*ASSIGNMENT*
Where in the listing does the string "blue" appear? Copy every line that holds it.

*DATA*
= = =

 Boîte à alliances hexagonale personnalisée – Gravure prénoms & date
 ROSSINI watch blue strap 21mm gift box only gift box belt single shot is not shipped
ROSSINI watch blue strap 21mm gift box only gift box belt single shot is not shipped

= = =

*ANSWER TO THE EXERCISE*
 ROSSINI watch blue strap 21mm gift box only gift box belt single shot is not shipped
ROSSINI watch blue strap 21mm gift box only gift box belt single shot is not shipped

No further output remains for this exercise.